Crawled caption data

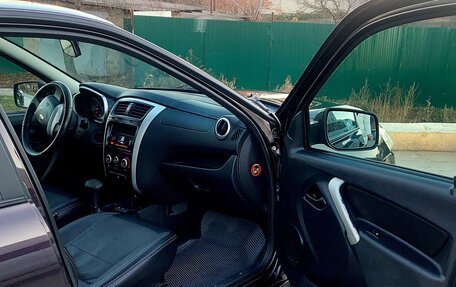 Datsun on-DO I рестайлинг, 2018 год, 590 000 рублей, 12 фотография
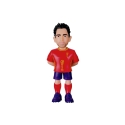MINIX WC LEGENDS SPAIN - XAVI MINIX WC LEGENDS SPAIN - XAVI
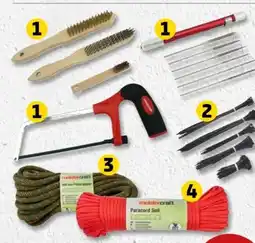PENNY Meistercraft Sägen-Set Angebot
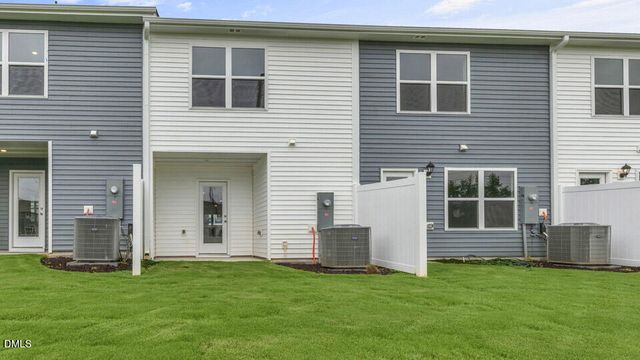 105 Holmes Corner Drive, Wilsons Mills, NC 27577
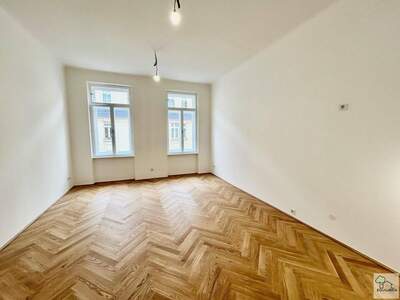 Wohnung kaufen in 1150 Wien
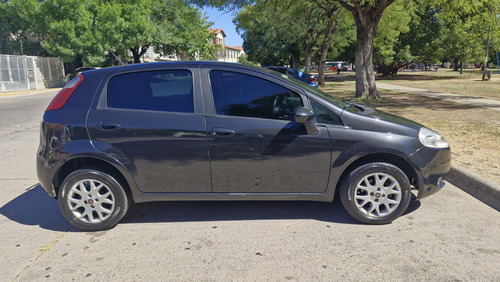Fiat Punto 1.3 Elx Top Multijet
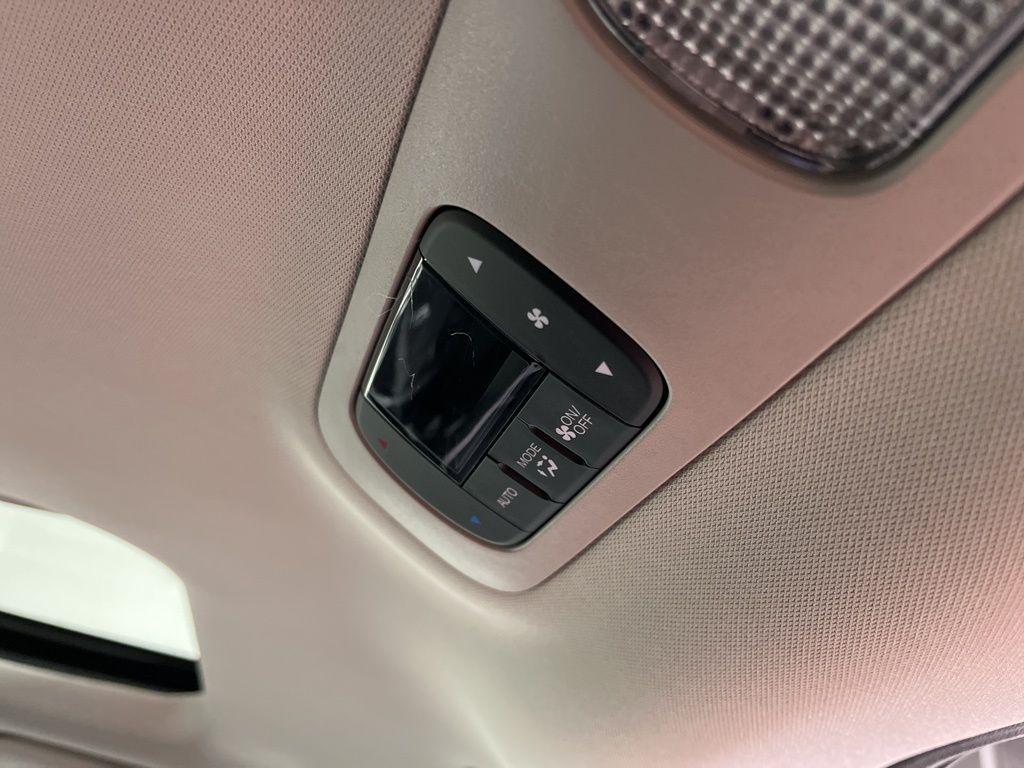 new 2026 Honda Odyssey car, priced at $48,990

**Work task**
Keep every word of the records exact as you write them out, but drop the pictures.

**Written solution**
 Datsun on-DO I рестайлинг, 2018 год, 590 000 рублей, 12 фотография
MINIX WC LEGENDS SPAIN - XAVI MINIX WC LEGENDS SPAIN - XAVI
PENNY Meistercraft Sägen-Set Angebot
 105 Holmes Corner Drive, Wilsons Mills, NC 27577
 Wohnung kaufen in 1150 Wien
Fiat Punto 1.3 Elx Top Multijet
 new 2026 Honda Odyssey car, priced at $48,990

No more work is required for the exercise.